Zonneroosjes (Cistus creticus) zijn vanwege hun etherische olie gewild bij de farmaceutische industrie. Een Noord-Egeïsche vereniging heeft een contract gesloten met een groot bedrijf om 800 kilo van deze roze en witte bloemetjes uit Lesvos te leveren. Ik ben benieuwd of ze hiervoor een nieuwe oogstmethode hebben bedacht, want dit zijn niet de makkelijkste planten om te verzamelen: op het heetst van de dag, wanneer de bloembladeren rijkelijk olie zweten, kan men ze het beste plukken. Of zouden ze de oude methode hanteren: geiten door de struiken jagen, waarna deze kostbare materie van de geitenvachten kan worden gepulkt?

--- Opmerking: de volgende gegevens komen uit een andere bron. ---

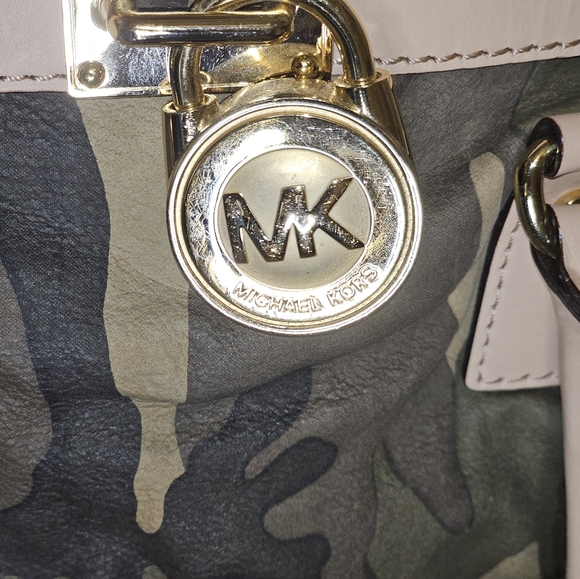 Michael Kors Camouflage Wallet And Habdbag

Nu het toerisme op Lesvos allesbehalve soepel verloopt – kennelijk zijn mensen nog steeds bang dat er op elk strand een bootje vluchtelingen landt – is het misschien tijd voor sommige Lesvorianen om hun horizon te verbreden. Het eiland is namelijk niet alleen een paradijs voor toeristen, maar biedt ook een rijke grond aan kruidenverzamelaars (voor de farmaceutische en cosmetische industrie) en zeewierkwekers (het voedsel van de toekomst). Met wat visie kun je best wat anders opzetten dan het zoveelste restaurant of hotel voor toeristen die maar niet willen komen.
Van de week zag ik een onbekende man met een enorme juten zak vol oregano op zijn rug zeulen,en ondanks de grootte van de zak maakte hij zich zo klein mogelijk om niet gezien te worden. Daar zat gegarandeerd meer dan een halve kilo in en een auto of ezel was nergens te bekennen: vast ergens in de bosjes verborgen. Zou het een Albanees zijn geweest, die stiekem de grens overwipte en de boot nam om op Lesvos eersteklas oregano te plukken? Als hij niet wordt gecontroleerd op verstekelingen wanneer hij de boot terug neemt, staat er wellicht in Kavala een vrachtauto te wachten die zó de grens weer overwipt, niet over smokkelpaden door de bergen maar gewoon over de snelweg: een nieuwe smokkelroute. Maar goed dat er hier geen Primula vera groeit, want anders zou Lesvos ook nog eens een smokkeleiland worden en dan blijven de toeristen helemáál weg.